Vicente Morin Aguado
HAVANA TIMES — Planned obsolescence, one of the acknowledged mechanisms engendered by the voracious capitalist market, aims to make consumers more dependent on merchandise. The “contrived obstacle” is a category of the communist project undertaken by socialism, the only system that has been materialized to date. Here, I will attempt to analyze this aberrant practice inherent to the socialist market.
Many studies on planned obsolescence have been conducted (the concept even has a Wikipedia entry). I will try to portray some of the most common manifestations of the “contrived obstacle.”
The manager of a Cuban State restaurant was telling me of the unending difficulties he faced on requesting the products allotted to his establishment, which are distributed by a wholesale supplier. This is a curious fact, for we are talking about dealings between State companies that are paid through checks, not cash (which often leads to corrupt practices).
The solution, according to this friend of mine, was to offer key people at the wholesale company certain “gifts”, sometimes money, or to share some of the products requested with them. Why would this be necessary, if this is an official transaction between two State companies?
Because there are “contrived obstacles”, obstacles that will be impossible to overcome in the following days, destined to put the restaurant in a tight corner with respect to its menu offers. In the words of this particular manager: “If I don’t get customers, if I don’t have enough products to offer, complaints will begin pouring in from everywhere. When they look into it, I will have to wait weeks, months, for them to tell me I’m right. But I will have new enemies, ready to place obstacles in my way. They or their replacements, if they dismiss those responsible, will charge again, creating more obstacles, hoping to frustrate my just demands. It would become a veritable, pointless war.”

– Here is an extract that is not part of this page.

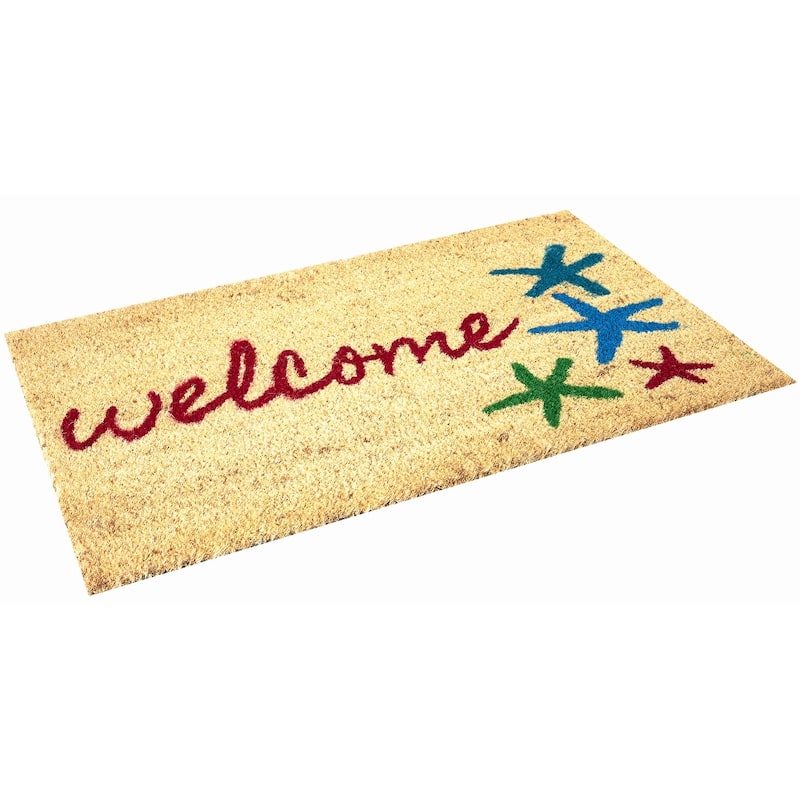 Envelor Sand and Starfish Nautical Coco Welcome Doormat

Contrived obstacles are found across the entire services industry, like fleas on a dog. In the public transportation sector, the common thing is have people wait at the stop for a long time and then send two buses, one right behind the other. Waiting in long lines makes people desperate and more prone to paying whatever they’re carrying to get on the bus. The drivers, who are very kind at this point, pocket dozens of fares, encouraging people to board the bus through the back door.
The most absurd obstacles are to be found in legal transactions, especially in those particularly convoluted ones having to do with housing. One will need a lawyer, but not precisely because of their expertise, but because of their personal relationship with the authorities responsible for signing the pertinent documents and applying the needed stamps. There is of course a price we pay for contrived obstacles, and the takings are shared by such bureaucrats and the brilliant pettifogging solicitor hired to knock down those fabricated obstacles.
It is now time to try my hand at philosophy and attempt to arrive at a more precise definition of the category of “contrived obstacles.”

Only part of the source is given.